● **RECORD EXCERPTS**

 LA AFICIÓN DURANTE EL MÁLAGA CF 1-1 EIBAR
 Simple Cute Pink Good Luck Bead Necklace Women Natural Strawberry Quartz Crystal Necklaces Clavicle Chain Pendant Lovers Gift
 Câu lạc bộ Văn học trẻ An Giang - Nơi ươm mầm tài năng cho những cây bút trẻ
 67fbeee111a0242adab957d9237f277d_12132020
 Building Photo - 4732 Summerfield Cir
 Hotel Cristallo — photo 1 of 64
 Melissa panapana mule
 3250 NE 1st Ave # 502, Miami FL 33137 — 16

● **THE TASK**
The records above should be transcribed in full, with no differences.

● **EXPECTED OUTPUT**
 LA AFICIÓN DURANTE EL MÁLAGA CF 1-1 EIBAR
 Simple Cute Pink Good Luck Bead Necklace Women Natural Strawberry Quartz Crystal Necklaces Clavicle Chain Pendant Lovers Gift
 Câu lạc bộ Văn học trẻ An Giang - Nơi ươm mầm tài năng cho những cây bút trẻ
 67fbeee111a0242adab957d9237f277d_12132020
 Building Photo - 4732 Summerfield Cir
 Hotel Cristallo — photo 1 of 64
 Melissa panapana mule
 3250 NE 1st Ave # 502, Miami FL 33137 — 16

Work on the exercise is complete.